MATERIAL PROVIDED:
──────────
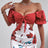Ladies' Fashionable Casual Floral Print Off Shoulder Knot Decoration Hollow Jumpsuit - Lootquake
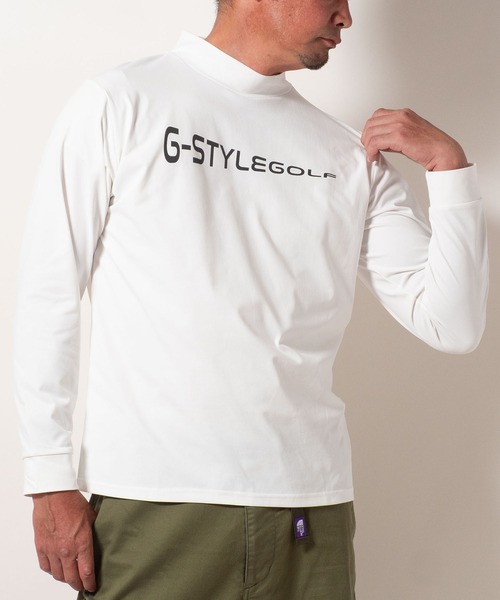 BAYBLO tシャツ (SA) 複合繊維 モックネック ロゴ 長袖 Tシャツ メンズ
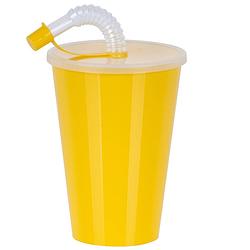 Foto van Juypal drinkbeker met deksel en rietje - geel - kunststof - 450 ml - 12 x 9 cm - drinkbekers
──────────
PROBLEM: If a picture falls within the span, leave it out, and reproduce exactly the lines from the one containing "BAYBLO tシャツ (SA) 複合繊維 モックネック ロゴ 長袖 Tシャツ メンズ" through the end of the material, and no others.

TASK RESULT:
 BAYBLO tシャツ (SA) 複合繊維 モックネック ロゴ 長袖 Tシャツ メンズ
 Foto van Juypal drinkbeker met deksel en rietje - geel - kunststof - 450 ml - 12 x 9 cm - drinkbekers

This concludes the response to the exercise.